● EXERCISE DESCRIPTION: Print each line below verbatim, skipping every picture.

Image-caption web data:
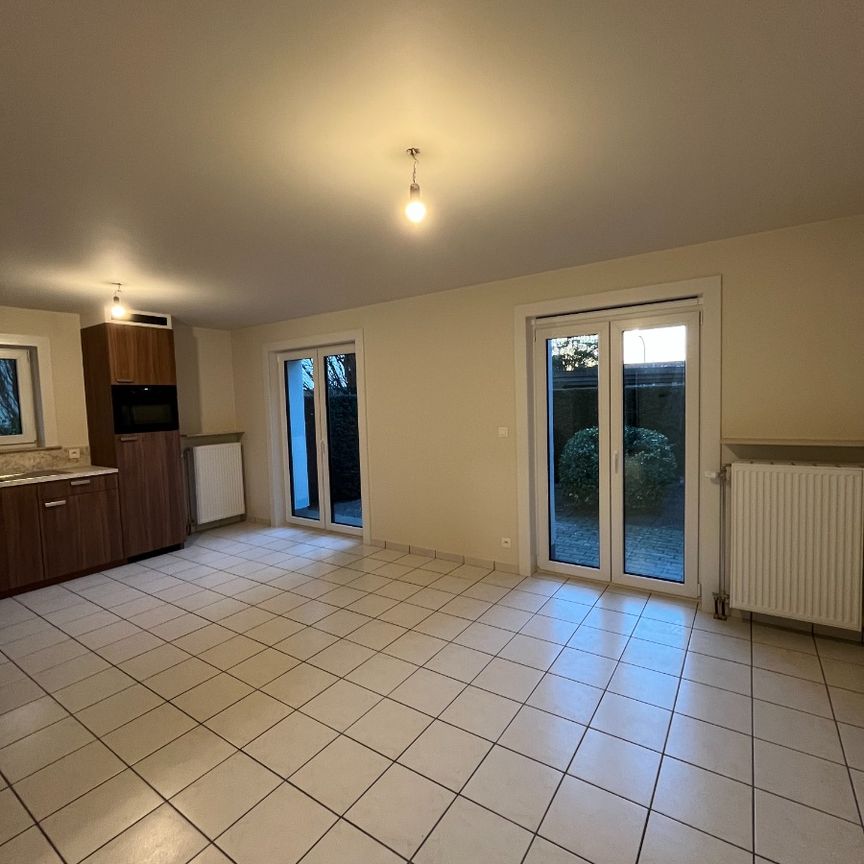 Gelijksvloers app. met 1 slaapkamer te huur in Waregem - Photo 1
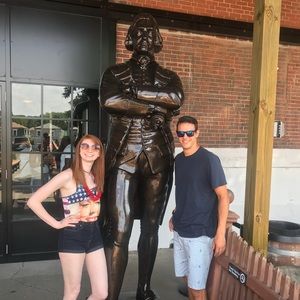 Meet your Posher, Nic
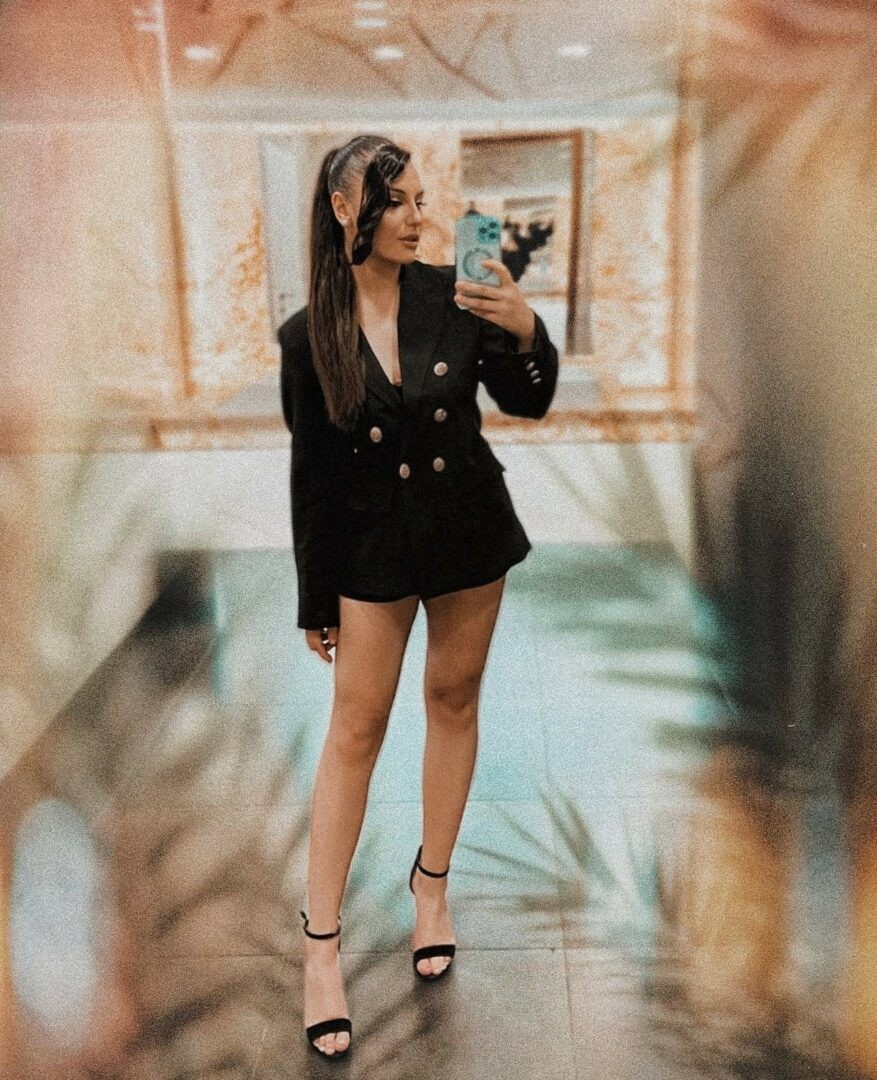 Животот и практичното искуство се нејзините најголеми учители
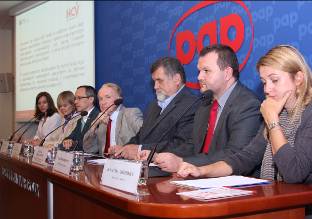 from the left: Aleksandra Chmielewska –Office of the Swiss-Polish Cooperation Programme; Simon Geissbühler – Deputy Ambasador of Switzerland; Professor Mirosław J. Wysocki, Director of the NIZP-PZH; Professor Andrzej Zieliński – National Consultant for Epidemiology; Marek Posobkiewicz – Chief Sanitary Inspector; Paulina Miśkiewicz – Office Director of the WHO in Warsaw 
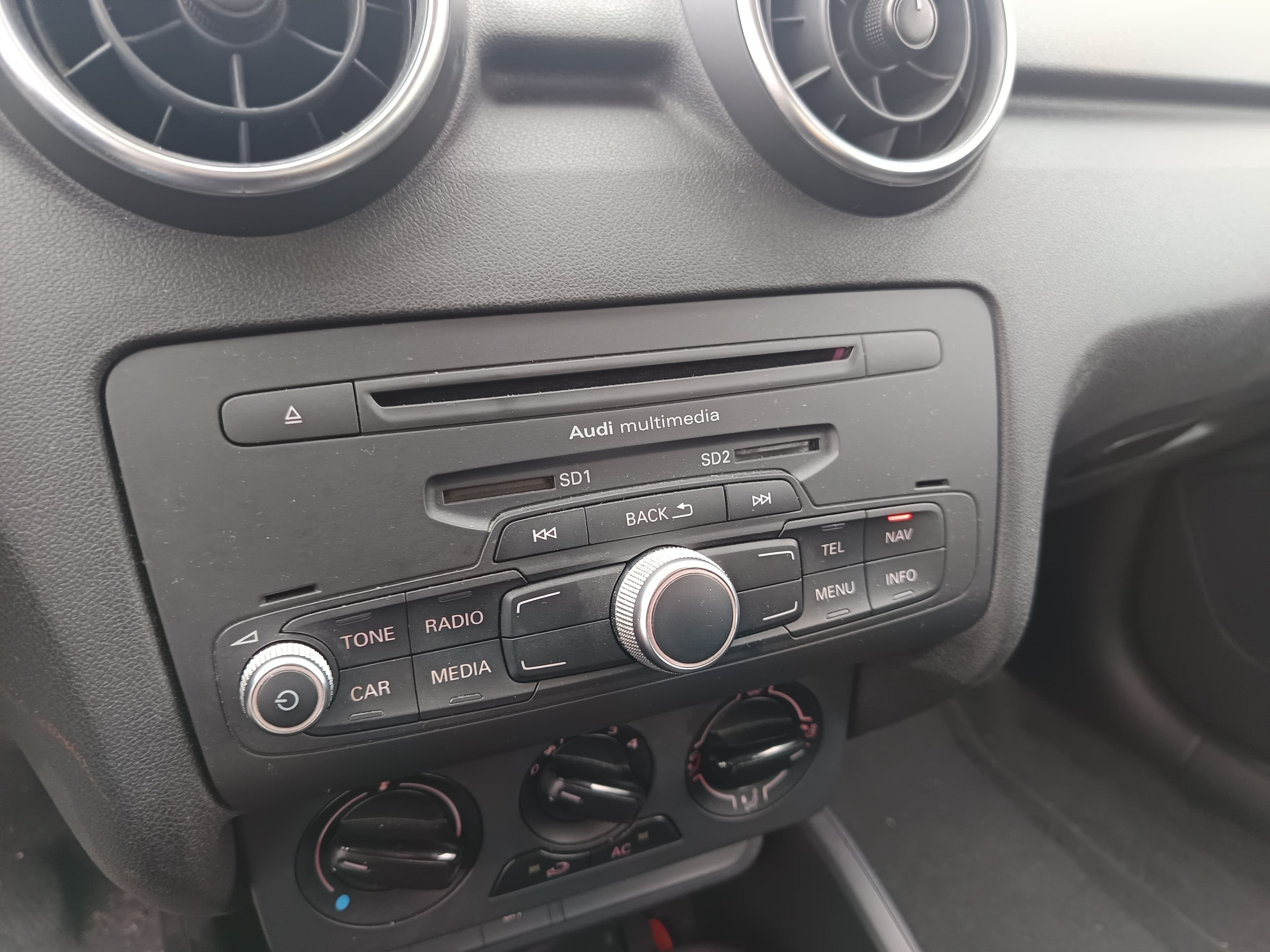 Audi A1 · Ano 2011 — imagem 31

● TASK RESPONSE:
 Gelijksvloers app. met 1 slaapkamer te huur in Waregem - Photo 1
 Meet your Posher, Nic
 Животот и практичното искуство се нејзините најголеми учители
 from the left: Aleksandra Chmielewska –Office of the Swiss-Polish Cooperation Programme; Simon Geissbühler – Deputy Ambasador of Switzerland; Professor Mirosław J. Wysocki, Director of the NIZP-PZH; Professor Andrzej Zieliński – National Consultant for Epidemiology; Marek Posobkiewicz – Chief Sanitary Inspector; Paulina Miśkiewicz – Office Director of the WHO in Warsaw 
 Audi A1 · Ano 2011 — imagem 31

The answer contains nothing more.